プンタ・カナにおけるごみリサイクル

公開日 : 2010年03月23日
最終更新 :
筆者 : monalisita

ドミニカに住んで3年以上が経って初めて、国内最大の観光地であるプンタ・カナに行ってきた。と言っても、今回の旅はバカンスではない。ごみリサイクル最先端と言われるプンタ・カナの実態を把握するためである。
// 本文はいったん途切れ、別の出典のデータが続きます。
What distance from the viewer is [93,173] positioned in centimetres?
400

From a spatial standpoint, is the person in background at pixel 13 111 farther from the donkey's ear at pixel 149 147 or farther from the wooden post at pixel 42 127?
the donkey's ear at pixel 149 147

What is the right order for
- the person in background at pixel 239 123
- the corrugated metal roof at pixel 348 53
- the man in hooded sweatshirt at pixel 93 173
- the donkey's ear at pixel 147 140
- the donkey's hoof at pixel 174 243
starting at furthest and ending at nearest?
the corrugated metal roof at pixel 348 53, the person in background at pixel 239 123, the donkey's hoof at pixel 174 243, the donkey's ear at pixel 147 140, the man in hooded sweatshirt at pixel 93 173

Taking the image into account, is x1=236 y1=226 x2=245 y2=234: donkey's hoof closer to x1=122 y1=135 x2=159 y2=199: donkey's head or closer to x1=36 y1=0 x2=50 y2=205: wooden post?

プンタ・カナはドミ共東部に位置する国内最大リゾート地。東部に位置する海岸はいくつか巡ったことがあったので、プンタ・カナもきっと規模が違うだけで、きっと大型ホテルが並ぶビーチ&リゾートエリアなんだろうと思っていた。でも違った。行って驚いたのは、プンタ・カナと呼ばれるエリアの入り口にはゲートがあって、そのゲートを抜けると巨大な敷地にまるで一つの街が出来上がったと言う感じ。ゲートを通るときは、ちゃんとチェックされるので、放浪バックパッカーが気軽にプンタ・カナを見学しようなんてことはできなそう。やはり、事前予約は必要だ。さて、そのゲートの中はと言うと、学校もあれば病院もある。もちろん、ホテルだけではなく住居もある。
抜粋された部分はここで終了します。